李景隆长吐出一口浊气,索性摊牌:“何止是熟。小时候,我和四郎……也就是燕王殿下,那是一起在演武场泥地里打滚长大的交情。”

他神思飘远,想起了那段还没那么多算计的岁月。

“那时候皇爷管得严,我们几个小辈若是背书背错了,是要挨鞭子的。四郎那时候就狠,骨头硬。“

”我背不出来,他就帮我顶,结果被打得皮开肉绽,愣是一声不吭。第二天,他还敢带着我去偷徐帅家的大鹅烤着吃。”

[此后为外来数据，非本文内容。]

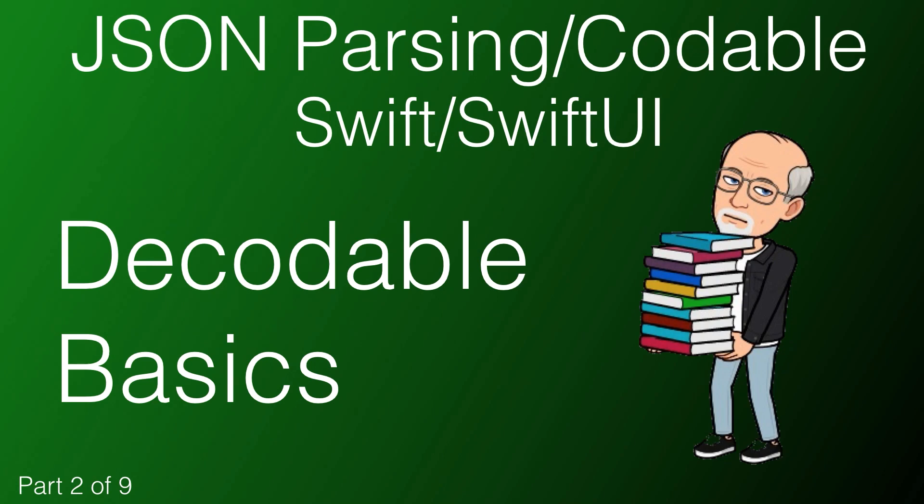My name is Stuart Lynch and this is the second of a nine-part series on understanding how to parse JSON using the Codable Protocol in Swift and SwiftUI.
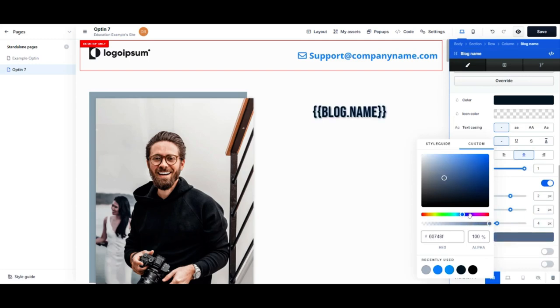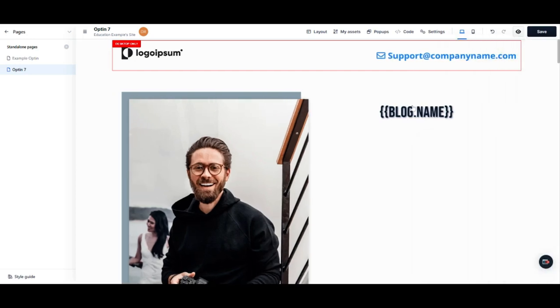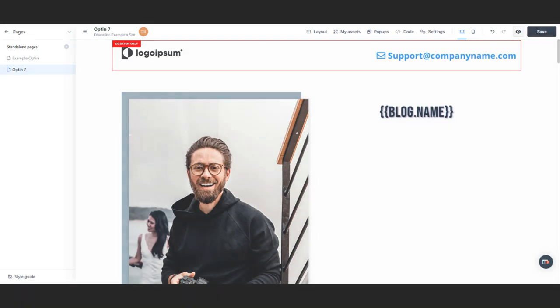You can also set the shadow transparency. When satisfied with your changes, click inside the pop-up window to close it. When you're happy with the changes you've made to your ClickFunnels page, click Save in the top right hand corner of the editor in order to save your progress.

说到这,李景隆自嘲地笑了笑:“那时候我们就差穿一条裤子了。殿下若是问私交,臣可以说,燕王是我在这个世界上,除了我爹之外最佩服的人。”

朱雄英没打断他,只是静静地听着。

这些勋贵二代的童年,某种程度上也是大明最铁血的一段历史缩影。

“私交是一回事。”

朱雄英话头一改,目光沉下来:“若是论带兵打仗呢?你觉得,你比四叔如何?”

李景隆愣了一下。

他下意识地想要摇头,想要说“臣就是个废物哪能跟燕王比”。

但他看到了朱雄英的眼睛。

他瞧着李景隆,不带嘲弄,只有近乎冷酷的审视。

李景隆沉默了许久。

“殿下,您既然把话说到这份上,臣就不说那些虚头巴脑的了。”

李景隆吐了口气,坐姿不自觉地变得端正,整个人散发出一股子久经沙场的肃杀气。

这种气质,演不出来。那是从小在死人堆里、在军营里拿血喂出来的。